Is there a config or feature to force the flow back to a single thread?  Or
should I just split this into two completely separate jobs?  I'd rather not
split as I would like to use flinks ability to iterate on this alg and
cluster combo.

Thank you

Re: At end of complex parallel flow, how to force end step with parallel=1?
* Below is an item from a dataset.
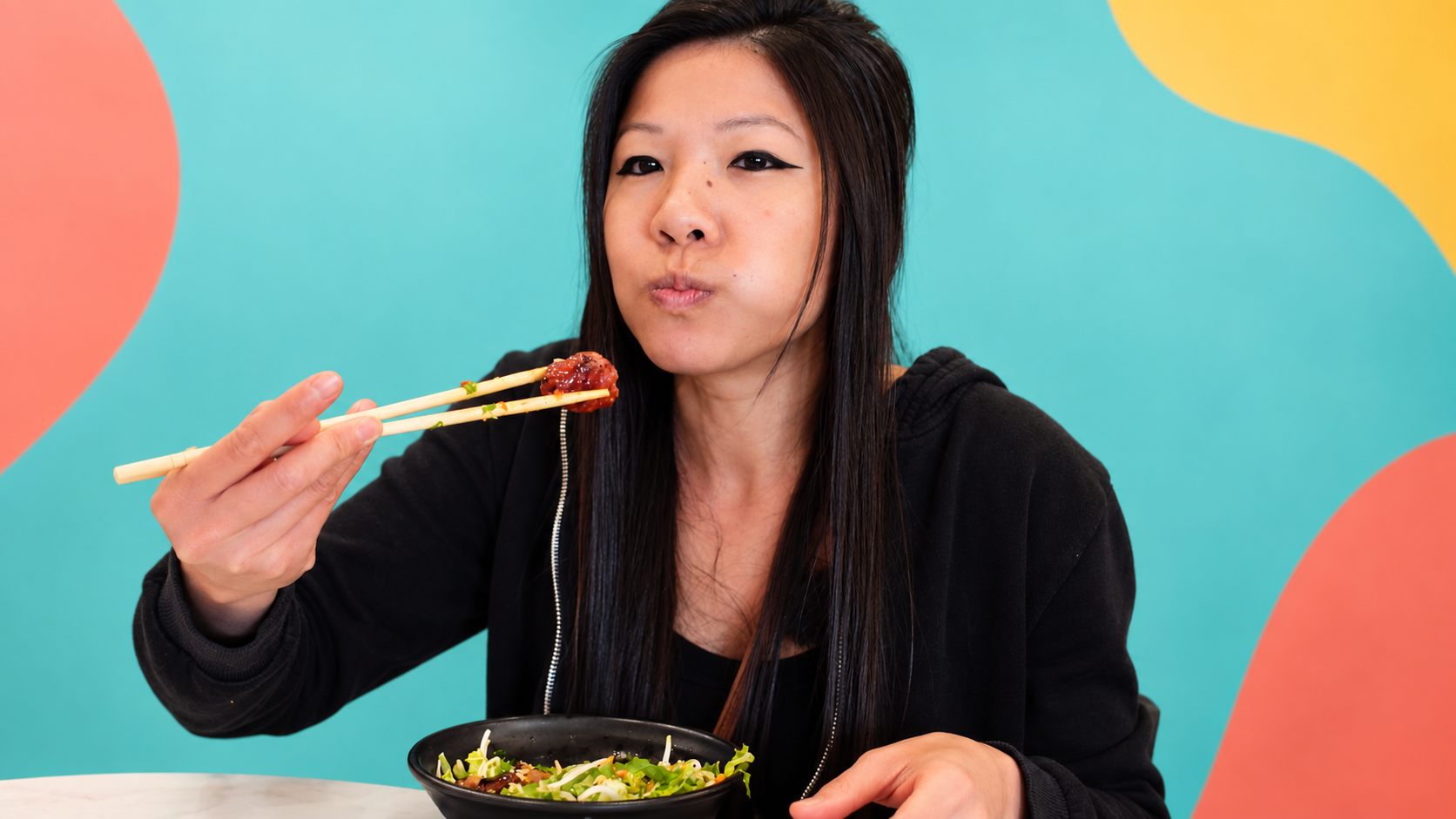Hong holding a bite of pork sausage with chopsticks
Posted by Fabian Hueske <fh...@gmail.com>.
Hi Garrett,

thanks for reporting back!
Glad you could resolve the issue :-)

Best, Fabian

2017-10-05 23:21 GMT+02:00 Garrett Barton <ga...@gmail.com>:

> Fabian,
>
>  Turns out I was wrong.  My flow was in fact running in two separate jobs
> due to me trying to use a local variable calculated by
> ...distinct().count() in a downstream flow.  The second flow indeed set
> parallelism correctly!  Thank you for the help. :)
>
> On Wed, Oct 4, 2017 at 8:01 AM, Fabian Hueske <fh...@gmail.com> wrote:
>
>> Hi Garrett,
>>
>> that's strange. DataSet.reduceGroup() will create a non-parallel
>> GroupReduce operator.
>> So even without setting the parallelism manually to 1, the operator
>> should not run in parallel.
>> What might happen though is that a combiner is applied to locally reduce
>> the data before it is shipped to the single instance.
>> Does your GroupReduceFunction implement a Combiner interface?
>>
>> I'm not aware of visualization problems of the web UI.
>> Can you maybe share a screenshot of the UI showing the issue?
>>
>> Thanks, Fabian
>>
>> 2017-10-03 21:57 GMT+02:00 Garrett Barton <ga...@gmail.com>:
>>
>>> Gábor
>>> ​,
>>> Thank you for the reply, I gave that a go and the flow still showed
>>> parallel 90 for each step.  Is the ui not 100% accurate perhaps?
>>>
>>> To get around it for now I implemented a partitioner that threw all the
>>> data to the same partition, hack but works!​
>>>
>>> On Tue, Oct 3, 2017 at 4:12 AM, Gábor Gévay <gg...@gmail.com> wrote:
>>>
>>>> Hi Garrett,
>>>>
>>>> You can call .setParallelism(1) on just this operator:
>>>>
>>>> ds.reduceGroup(new GroupReduceFunction...).setParallelism(1)
>>>>
>>>> Best,
>>>> Gabor
>>>>
>>>>
>>>>
>>>> On Mon, Oct 2, 2017 at 3:46 PM, Garrett Barton <
>>>> garrett.barton@gmail.com> wrote:
>>>> > I have a complex alg implemented using the DataSet api and by default
>>>> it
>>>> > runs with parallel 90 for good performance. At the end I want to
>>>> perform a
>>>> > clustering of the resulting data and to do that correctly I need to
>>>> pass all
>>>> > the data through a single thread/process.
>>>> >
>>>> > I read in the docs that as long as I did a global reduce using
>>>> > DataSet.reduceGroup(new GroupReduceFunction....) that it would force
>>>> it to a
>>>> > single thread.  Yet when I run the flow and bring it up in the ui, I
>>>> see
>>>> > parallel 90 all the way through the dag including this one.
>>>> >
>>>> > Is there a config or feature to force the flow back to a single
>>>> thread?  Or
>>>> > should I just split this into two completely separate jobs?  I'd
>>>> rather not
>>>> > split as I would like to use flinks ability to iterate on this alg and
>>>> > cluster combo.
>>>> >
>>>> > Thank you
>>>>
>>>
>>>
>>
>

Re: At end of complex parallel flow, how to force end step with parallel=1?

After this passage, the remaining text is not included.